TV meteorologist denies he used on-air slur
Fired TV meteorologist denies he used on-air MLK slur 01:04

A TV meteorologist at an NBC affiliate in Rochester, New York, was fired after being accused of using an on-air racial slur in reference to Martin Luther King Jr. However, WHEC-TV chief meteorologist Jeremy Kappell says he simply "jumbled" his words during Friday's broadcast.

A video posted to social media of Kappell's broadcast shows him apparently calling a park named for the slain civil rights leader "Martin Luther Coon King Jr. Park."

WHEC-TV general manager Richard Reingold wrote on the station's website the station made a "staffing change" Sunday. "These words have no place on News10NBC's air, and the fact that we broadcast them disheartens and disgusts me," he wrote.

Kappell tweeted Monday: "I've never uttered those words in my life." He said that he simply flubbed his words while speaking too quickly on air.

Rochester Mayor Lovely Warren, who is black, and other city officials called for Kappell's firing, but many defenders on Twitter argued he simply misspoke.

Kappell responded in a Facebook video Monday night, saying in part:

"If you watch me regularly you know that I contain a lot of information in my weathercast which forces me to speak fast and unfortunately, I spoke a little too fast when I was referencing Dr. Martin Luther King, Jr. — so fast that I jumbled a couple of words. In my mind I knew that I had mispronounced, but there was no malice, there was nothing I could have... I had no idea the way it had come across to many people. As soon as I mispronounced it I put an emphasis on King and had no idea what some people could have interpreted that as and I know some people interpreted that the wrong way. That was not a word that I said, I promise you that. And if you did feel that and it hurt you in any way, I sincerely apologize."

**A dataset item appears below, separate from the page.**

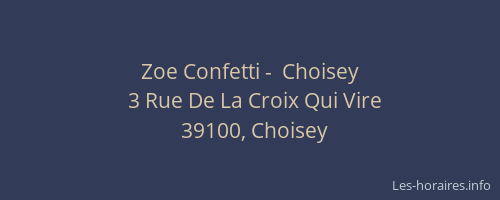 Zoe Confetti -  Choisey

A heartfelt thanks to all those who have been supporting us. I wanted to take this time to explain our side of the story. Please keep my family in your prayers.

Posted by Jeremy Kappell on Monday, January 7, 2019

In 2010, ESPN talk show host Mike Greenberg used the same phrase on a radio show in an apparent verbal flub and issued an apology later in the day. He was not disciplined.